The paper tackles the problem of road inspection by addressing the scarcity of real-world road defect data and the lack of road defect models in existing simulators, proposing an Urban Digital Twin-based system that generates high-fidelity synthetic scenes and shows significant improvements in driving tasks like perception and decision-making.
Road inspection is essential for ensuring road maintenance and traffic safety, as road defects gradually emerge and compromise road functionality. Traditional methods, which rely on manual evaluations, are labor-intensive, costly, and time-consuming. Although data-driven approaches are gaining traction, the scarcity and spatial sparsity of road defects in the real world pose significant challenges in acquiring high-quality datasets. Existing simulators designed to generate detailed synthetic driving scenes, however, lack models for road defects.
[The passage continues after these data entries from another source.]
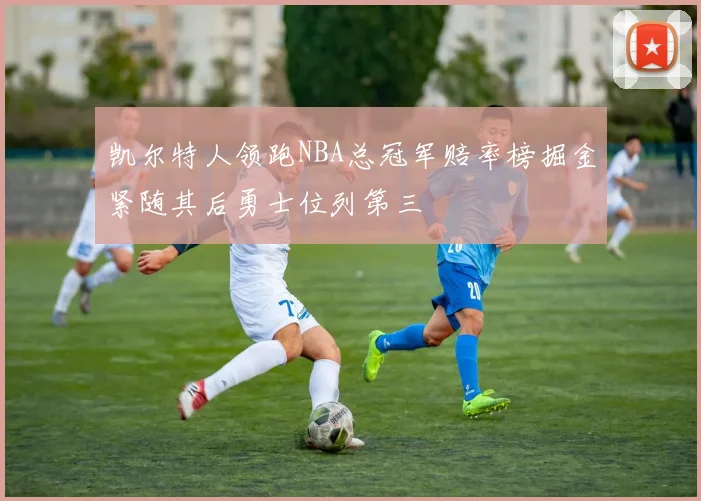 凯尔特人领跑NBA总冠军赔率榜掘金紧随其后勇士位列第三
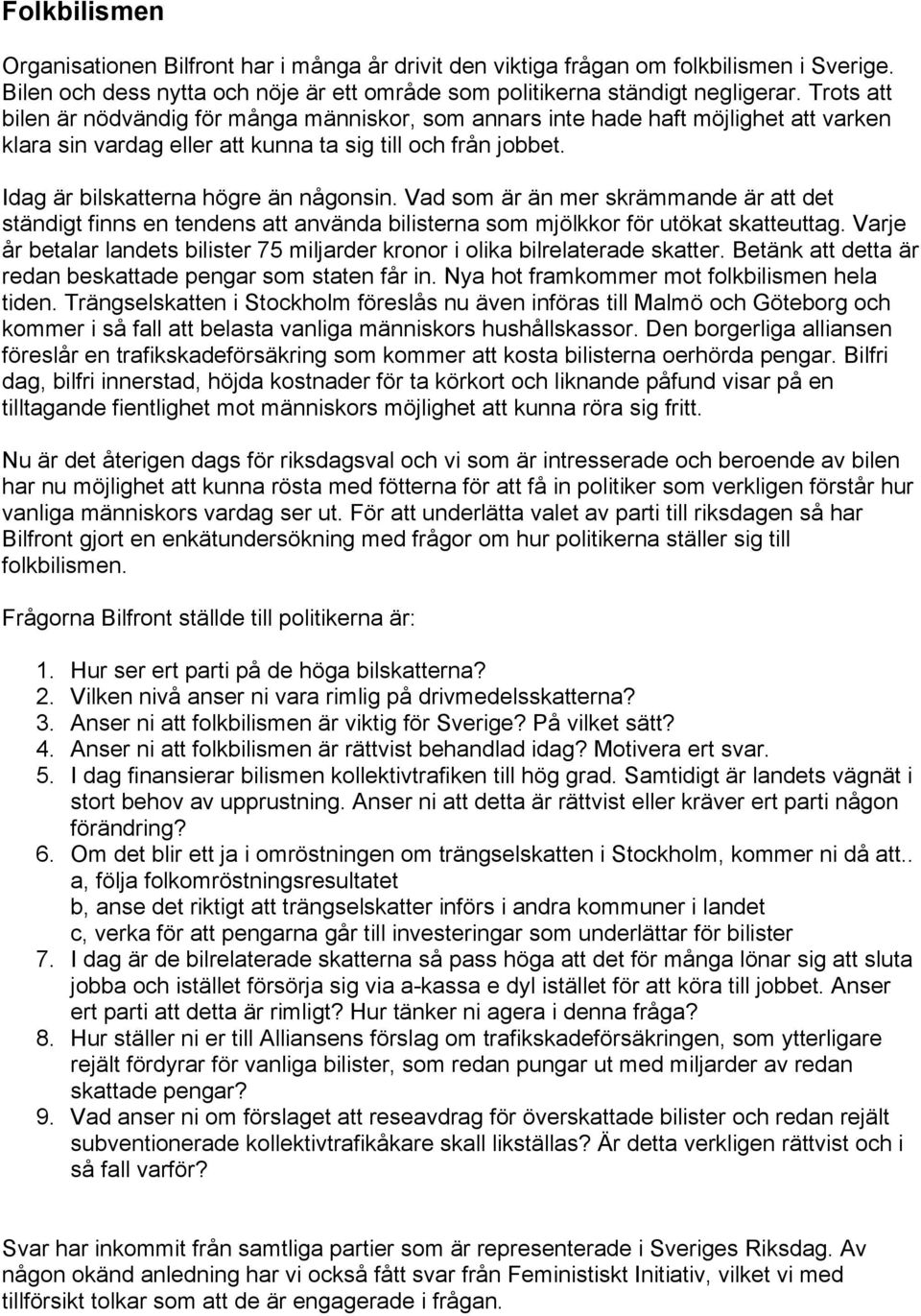 Vad som är än mer skrämmande är att det ständigt finns en tendens att använda bilisterna som mjölkkor för utökat skatteuttag.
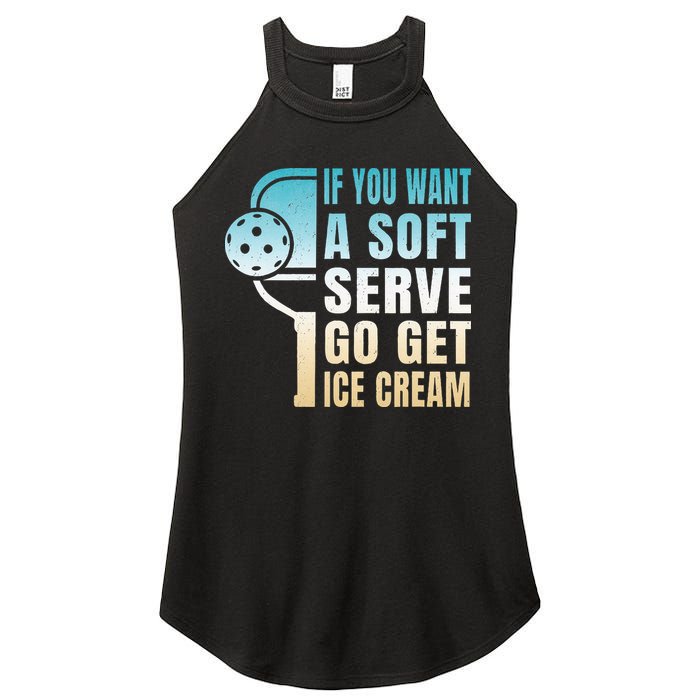 If You Want Soft Serve Go Get Ice Cream Pickleball Women's Perfect Tri Rocker Tank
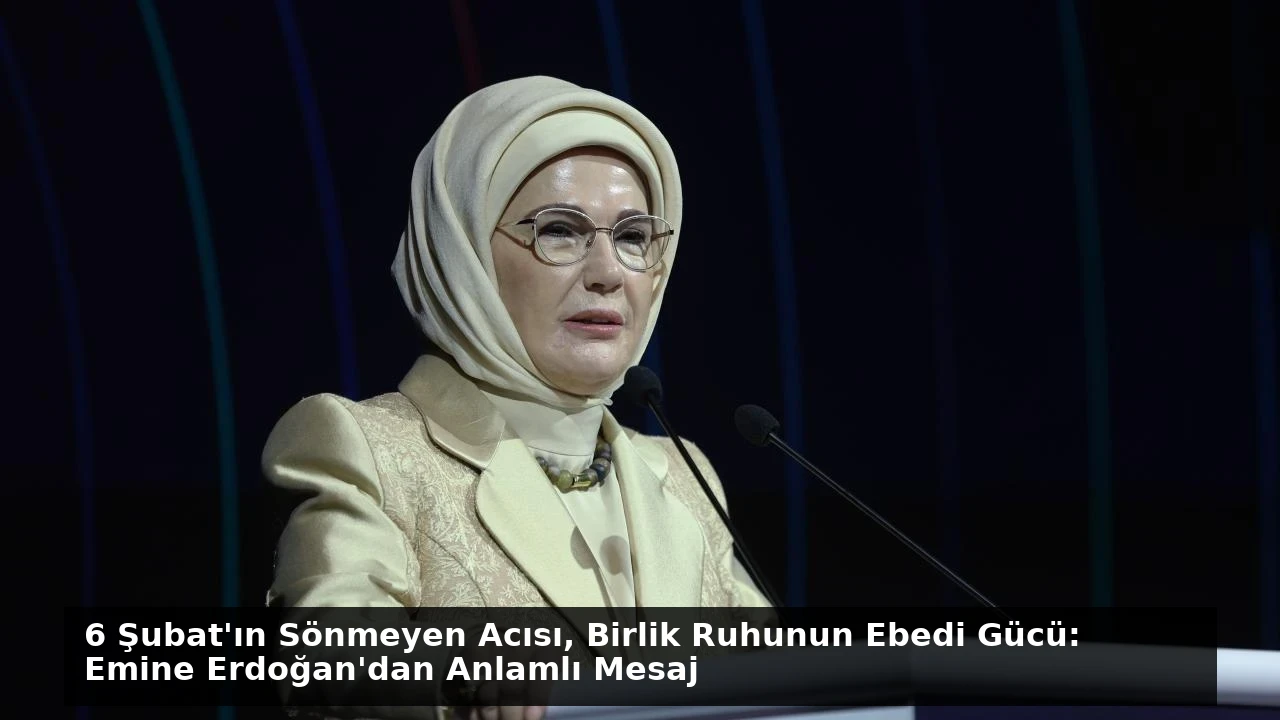 6 Şubat’ın Sönmeyen Acısı, Birlik Ruhunun Ebedi Gücü: Emine Erdoğan’dan Anlamlı Mesaj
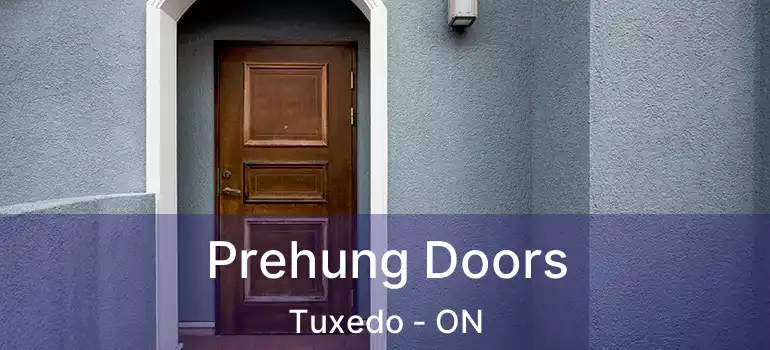  Prehung Doors Tuxedo - ON
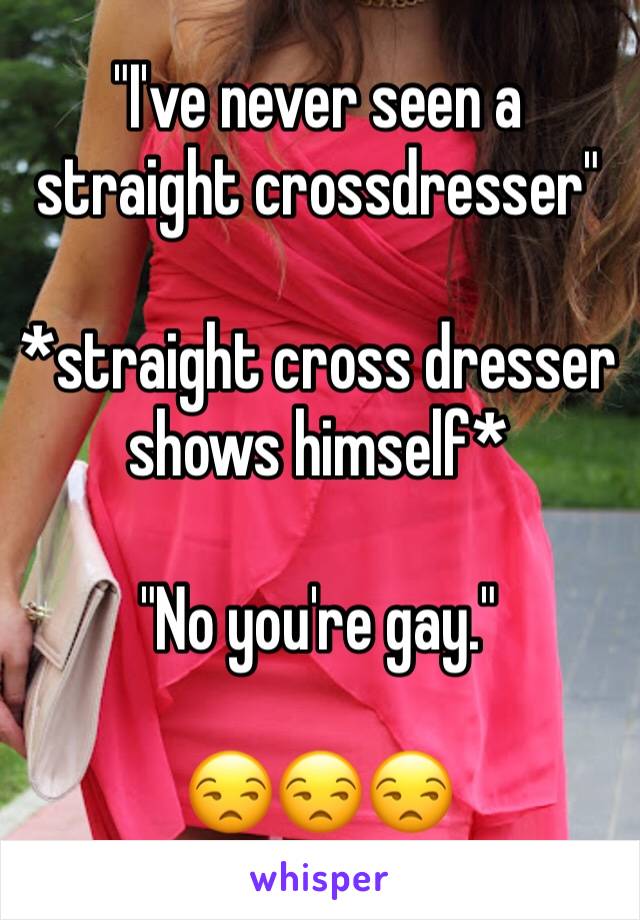 I Ve Never Seen A Straight Crossdresser Straight Cross Dresser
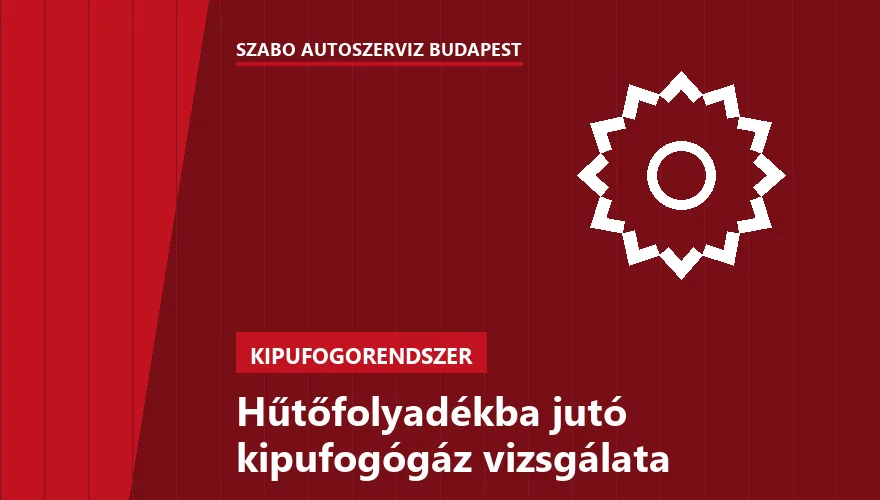 Hűtőfolyadékba jutó kipufogógáz vizsgálata - autószerviz Budapest, Szabó Autószervíz műhely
Furthermore, advanced driving tasks involving interactions with road surfaces, such as planning and control in defective areas, remain underexplored. To address these limitations, we propose a system based on Urban Digital Twin (UDT) technology for intelligent road inspection. First, hierarchical road models are constructed from real-world driving data, creating highly detailed representations of road defect structures and surface elevations. Next, digital road twins are generated to create simulation environments for comprehensive analysis and evaluation. These scenarios are subsequently imported into a simulator to enable both data acquisition and physical simulation. Experimental results demonstrate that driving tasks, including perception and decision-making, can be significantly improved using the high-fidelity road defect scenes generated by our system.